Celui qui est directeur de la société Sport Profile, et en charge des intérêts de plusieurs joueurs professionnels de France et d’étranger, ne digère clairement pas que les clubs de Ligue 1 contractent le chômage partiel pour leurs joueurs en ces temps de pandémie. Cette mesure désormais classique dans de nombreuses sociétés est appliquée dans le football, et Yvan Le Mée n’hésite à prendre une parole à contre-courant dans le milieu. Avec quelques éclaboussures.

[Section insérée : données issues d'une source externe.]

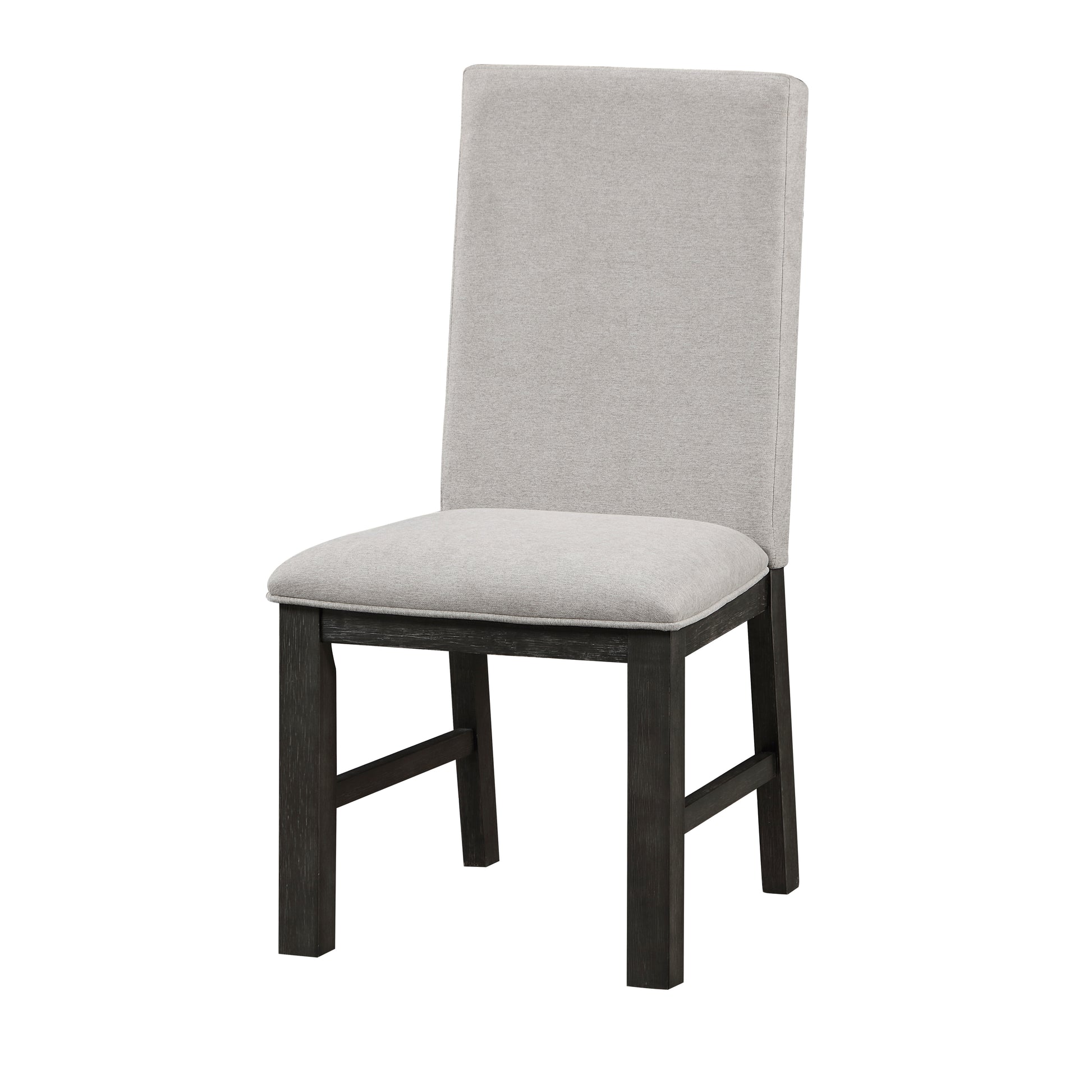 Antique Black Finish Modern 7Pc Dining Set Rectangular Table And 6 Upholstered Chairs Textured Gray Wooden Dining Room Furniture Upholstered Chair Wood Antique Black Seats 6 Wood Dining Room 72 Inches 4 Leg Rectangular Dining Table With Chair Wood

« Je suis choqué que l'on soit le seul pays européen où les contribuables doivent payer les clubs pour qu'ils paient les sportifs de haut niveau dans cette situation exceptionnelle qui appelle d'autres priorités. Il n'est pas normal que nos clubs, qui ne manquent pas de ressources, demandent à l'État 5 000 euros par joueur, sans oublier ce que vont lui coûter les abandons de charges. Que le chômage partiel soit nécessaire à l'économie classique, c'est incontestable, mais comment le justifier dans un football décrié pour l'argent qui y circule ?  Ce n'est pas aux joueurs qu'il faut jeter la pierre. Leur salaire baisse et le refinancement des clubs ne les concerne pas. Mais que les clubs qui rentrent des millions d'euros en transferts et droits télé en soient à demander la charité de l'État à un moment où, en France, on n'a pas de quoi fabriquer les masques et tester les gens, c'est honteux. Bien sûr que le football a des problèmes mais il y a des limites. Le médical et le social doivent primer. Et non les sociétés privées sportives, parfois contrôlées par des fonds d'investissement exigeant une rentabilité que le contribuable va les aider à préserver », a balancé Yvan Le Mée, qui ne comprend pas les aides de l’état français aux clubs de Ligue 1, alors qu’il y a d’autres priorités en France. Et même si cela ne risque pas de faire plaisir dans le milieu, l'agent de joueurs a en tout cas le mérite d'exprimer son point de vue, notamment sur ce qui devrait être la priorité de l'Etat en ces temps difficiles.